Title: Complete Champion
Product Line: Dungeons and Dragons, d20
Publisher: Wizards of the Coast

What it is

This book is for those who which to run Divine Characters and those characters who are strongly tied to divine organizations. As such, it has a large number of affiliations (affiliations by the bushel, as Londo would say). The book starts of with a bit about what it means to be a True Believer in a world where deities roam or effect the world.

The first chapter talks about the organizations of all of the core deities. For each deity, it gives an affiliation. It describes what the affiliation is about, who its enemies and allies are, its scale, the criteria for rising in rank, what the ranks do for you, what feats are favored by members of the affiliation, their favored combat tactics, what types of adventures you're likely to be involved in and what their favored oaths are. Then it gives affiliations for each of the clerical domains. think that's enough affiliations?, bur wait, there's more....

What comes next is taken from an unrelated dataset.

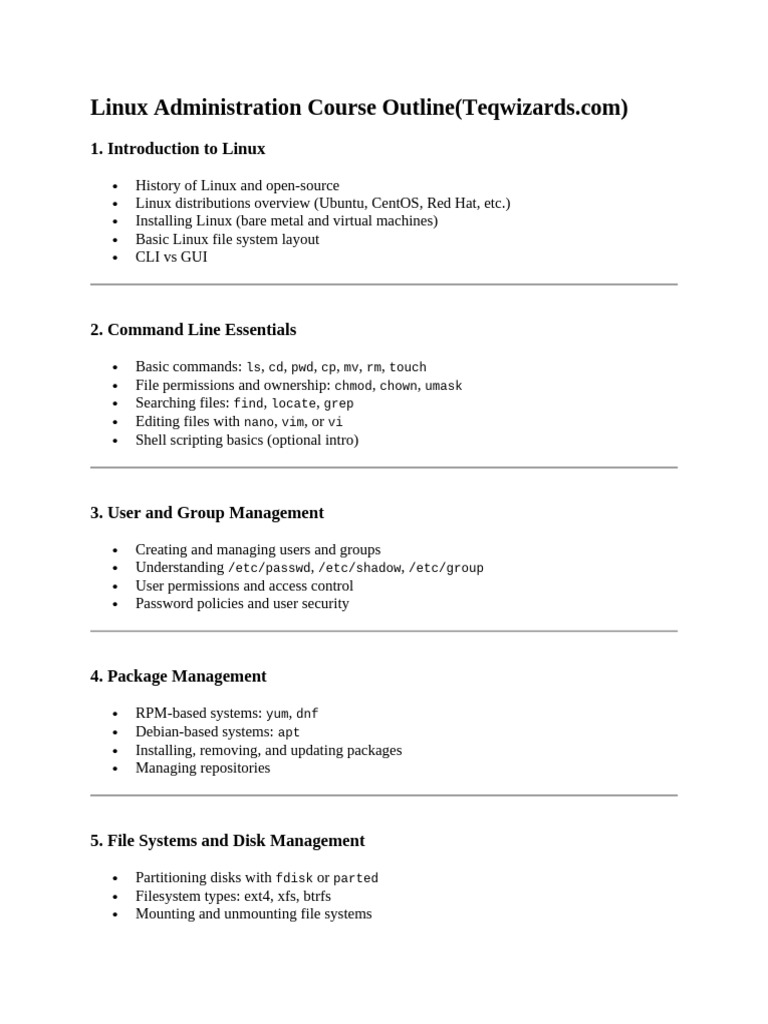 Linux Administration Course Outline | PDF | Linux | File System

The second chapter is about character options and making divine characters out of members of other classes. For each of the core classes, it gives one or more replacement levels. Next are the new feats. It introduces a new type of feat: the Domain Feat. This gives you some ability associated with the respective domain. It also includes more reserve feats (which I'm not too sure about). Then we get... ...wait for it... ...more affiliations. In this case they are organizations that closer to affiliations that we are use to seeing. Each organization also has one or more new prestige classes associated with it.

The third chapter has new spells. These are, not surprisingly, divine spells.

The fourth chapter has divine items. It starts out with new power components that enhance certain spells when used. Then it gets into special holy symbols that increase the caster level for certain spells or some other modification that seems to be about the power level of a feat. The next part has magic items that are useful for divine characters and introduces a new type of magic item: the domain staff. A divine caster can use a domain staff to convert memorized spells (or spell slots) to spontaneously cast spells in the staff. Each staff has the nine spells associated with its domain.

The fifth chapter has divine quests and locations.

What works

It gives some good background for divine organizations and provides plenty of hooks for your campaigns. The feats are, on the whole, balanced. None of the feats seem to be too unbalancing though I still have doubts about some of the reserve feats. The prestige classes are kept to a minimum and logically worth with the organizations that promote them. The spells and items are useful without being game breaking. The adventure ideas and scenarios in the back don't take up too much room (and are almost superfluous in the context of a whole book filled with adventure hooks). All in all this is a pretty balanced book.

What doesn't work

I still don't like the reserve feats. They can be must have feats for certain classes and I'm not much of a fan of that. Also, the Paladins have a must have feat: Battle Blessing. Frustrated by the question: cast or fight? Well, why choose when you don't have to. It turns Paladin spells with a casting time of one standard action into a swift spell (it also turns full round spells into standard action spells). Once a Paladin has spell casting capability, this seems like a must have feat. Also, the wording is a bit vague. A rules lawyer might be able to argue that the sentence can be parsed so that any caster can use it and that Paladin spells are only an example. As a DM, don't let them do that. As it stands as a Paladin only feat, it isn't unbalancing since Paladins have so few spells (though a Bless Weapon cast while charging an enemy is going to be a very common game occurrence).

They had so many adventure hooks and locations throughout the book that they didn't really need the fifth chapter. I suspect that WotC have some internal book format that writers must adhere to. It's nice that you generally know where to find things but they really don't need to add things they don't need just to fit a format.